══ PROVIDED RECORDS ══

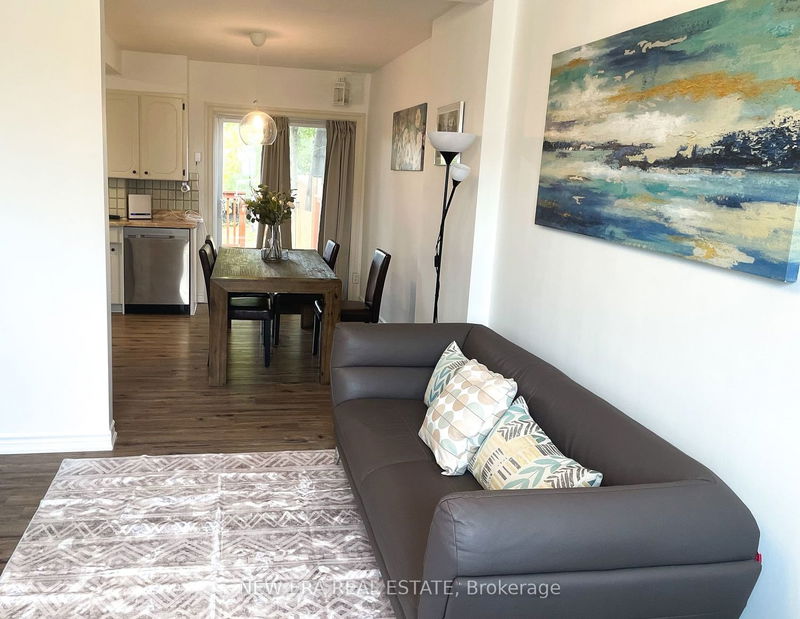 Preview image for 562 Royal York Rd, Toronto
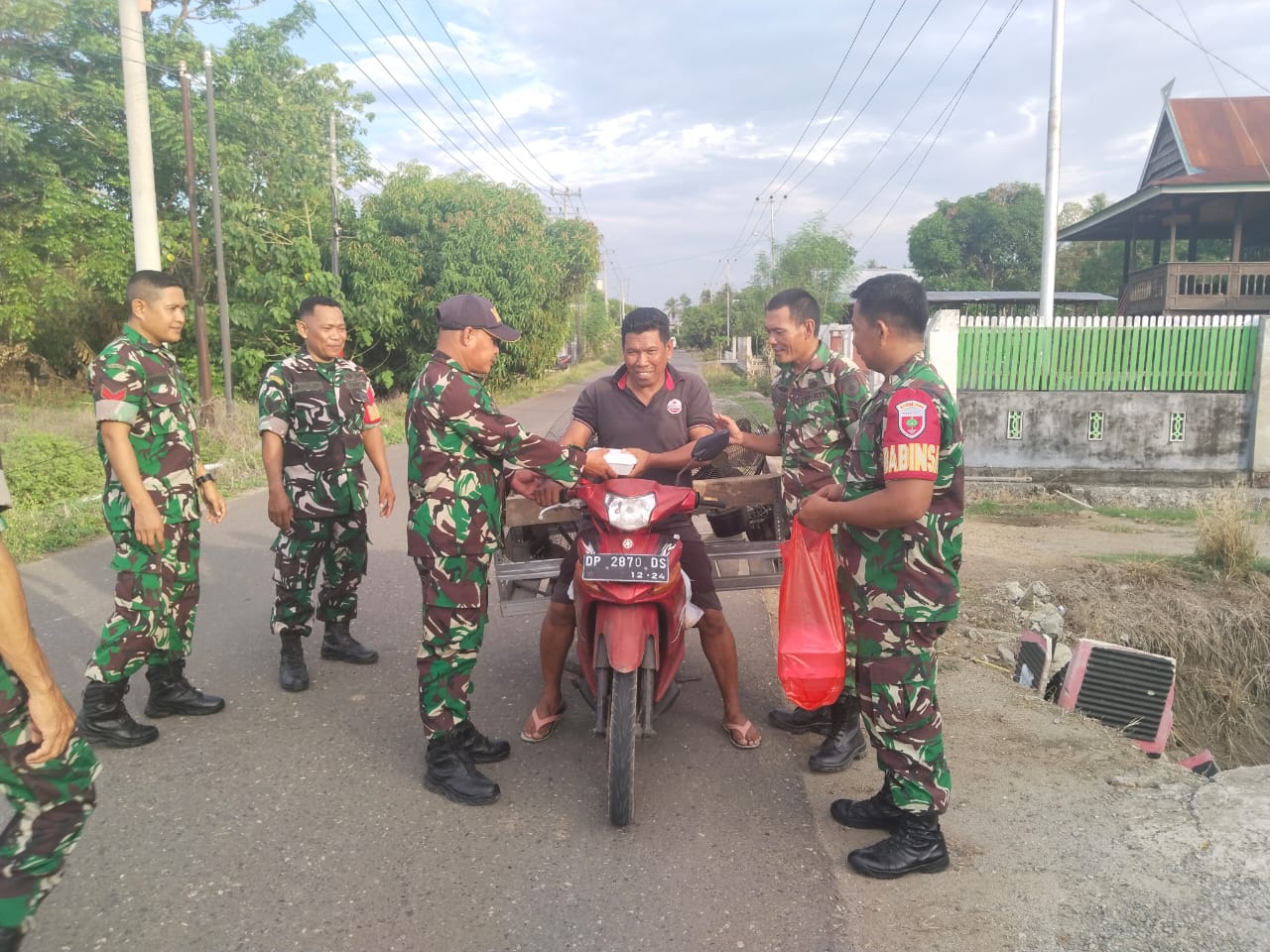 Koramil-08/Lanrisang Laksanakan Jum'at Berkah Bagikan Nasi Kotak Kepada Warga
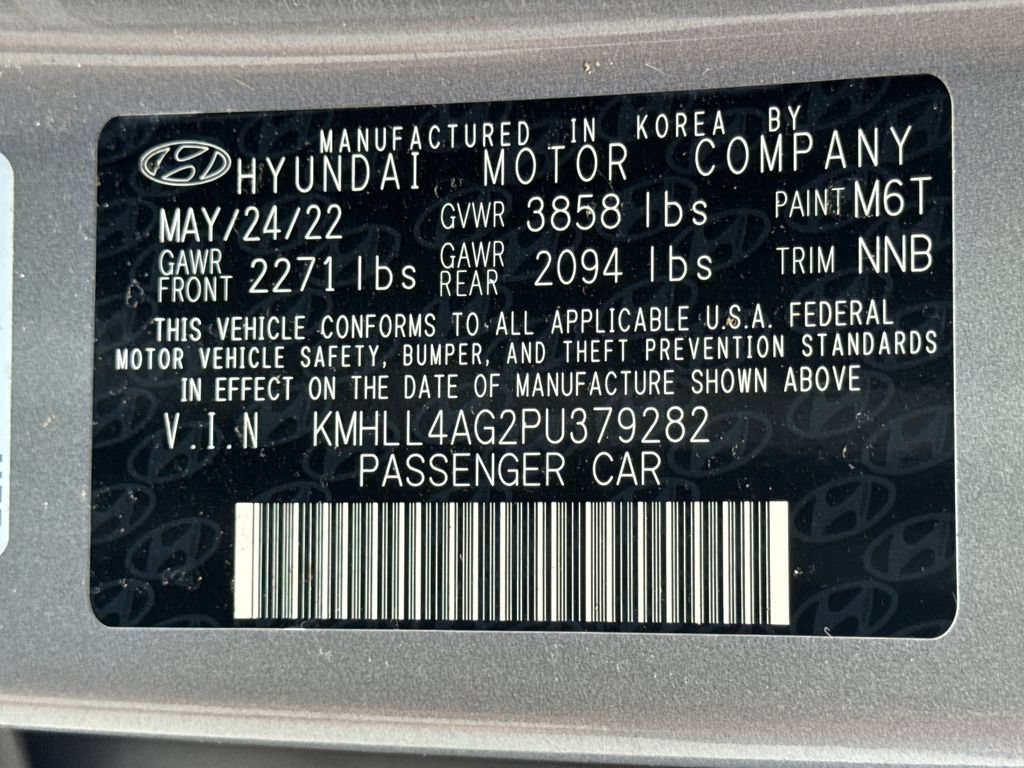 Used 2023 Hyundai Elantra SE w/ Cargo Package FWD image 25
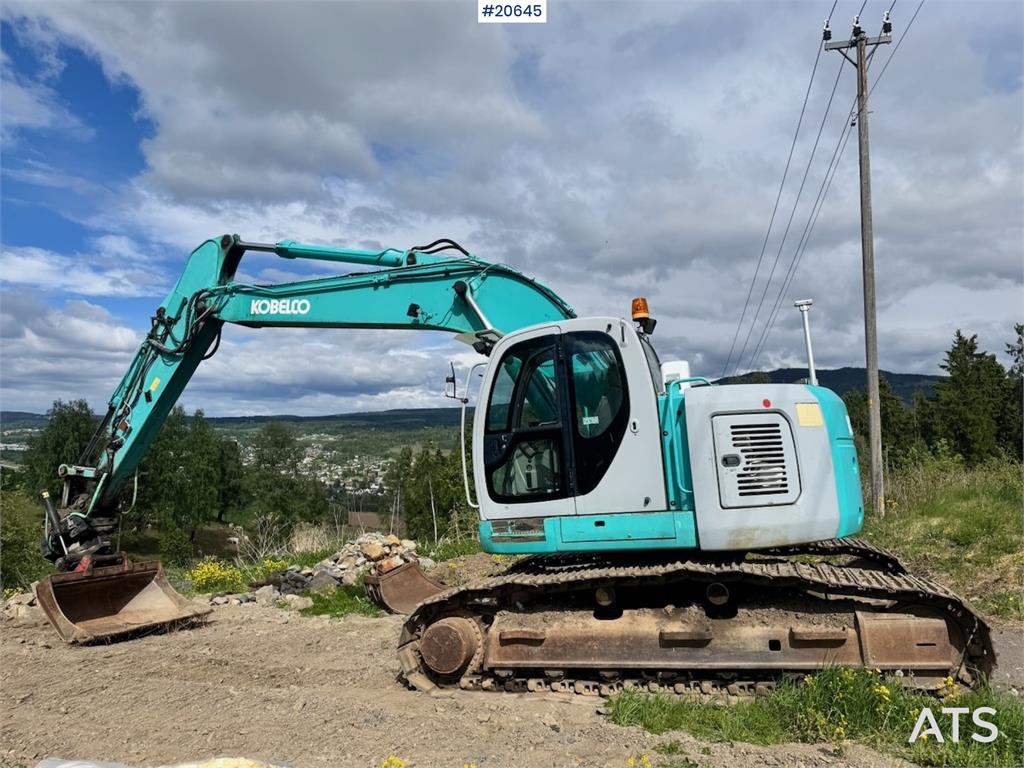 Kobelco SK235SR Tracked excavator w/ Rototilt and bucket. 2000 20645 SK235SR Tracked excavator w/ Rototilt and bucket. 200...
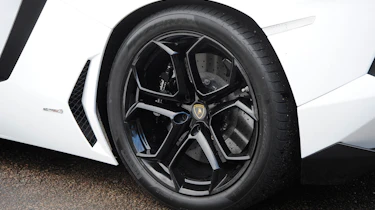 Lamborghini Aventador wheel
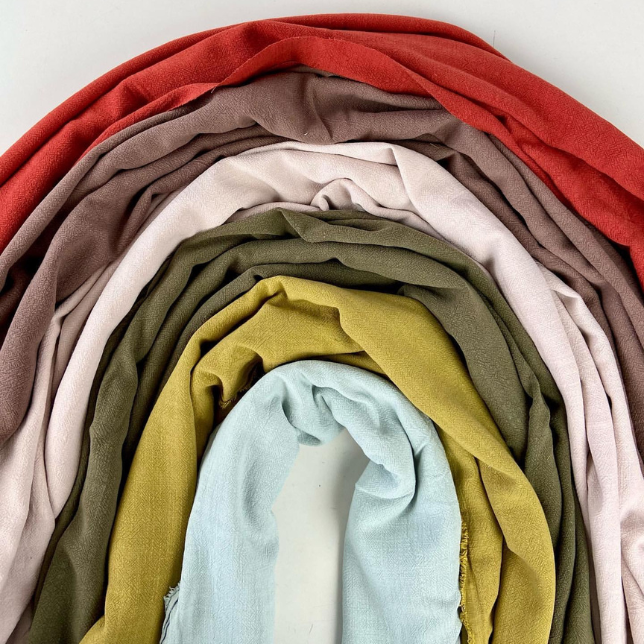 Len z wiskozą – len naturalny na ubrania i do wnętrz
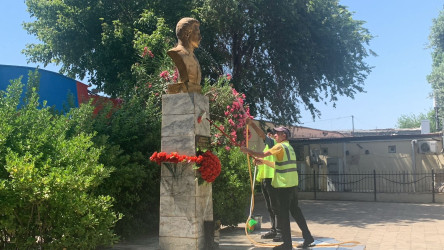 Nəsimi rayonunda abidələrin və barelyeflərin yuyulması tədbirləri aparılıb.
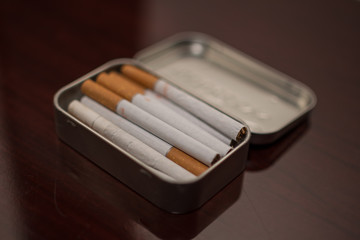 Cigarros - Cigarretes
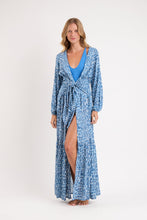 Załaduj obraz do przeglądarki galerii, Model Front: Rio De Sol Vêtement De Plage Chuva Long Dress Verona
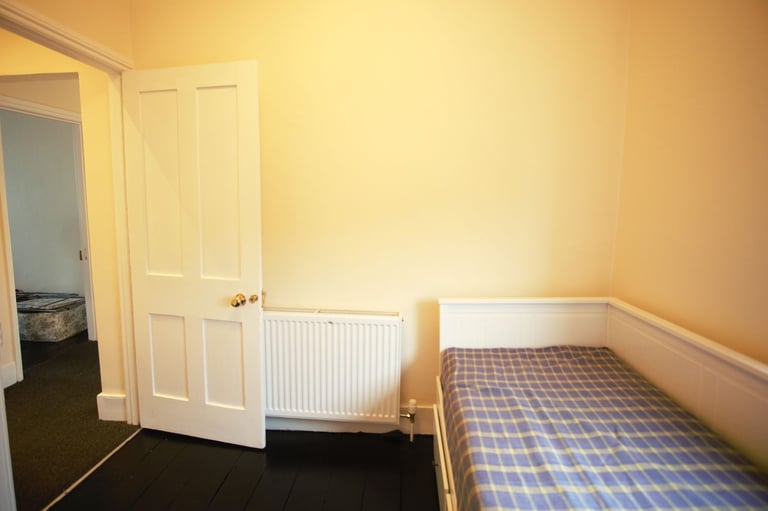 Impressive 3-bedroom maisonette available to rent in Portobello Road, W11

═══

In your answer, set down the full listing word for word and include no pictures.

 Preview image for 562 Royal York Rd, Toronto
 Koramil-08/Lanrisang Laksanakan Jum'at Berkah Bagikan Nasi Kotak Kepada Warga
 Used 2023 Hyundai Elantra SE w/ Cargo Package FWD image 25
 Kobelco SK235SR Tracked excavator w/ Rototilt and bucket. 2000 20645 SK235SR Tracked excavator w/ Rototilt and bucket. 200...
 Lamborghini Aventador wheel
 Len z wiskozą – len naturalny na ubrania i do wnętrz
 Nəsimi rayonunda abidələrin və barelyeflərin yuyulması tədbirləri aparılıb.
 Cigarros - Cigarretes
 Załaduj obraz do przeglądarki galerii, Model Front: Rio De Sol Vêtement De Plage Chuva Long Dress Verona
 Impressive 3-bedroom maisonette available to rent in Portobello Road, W11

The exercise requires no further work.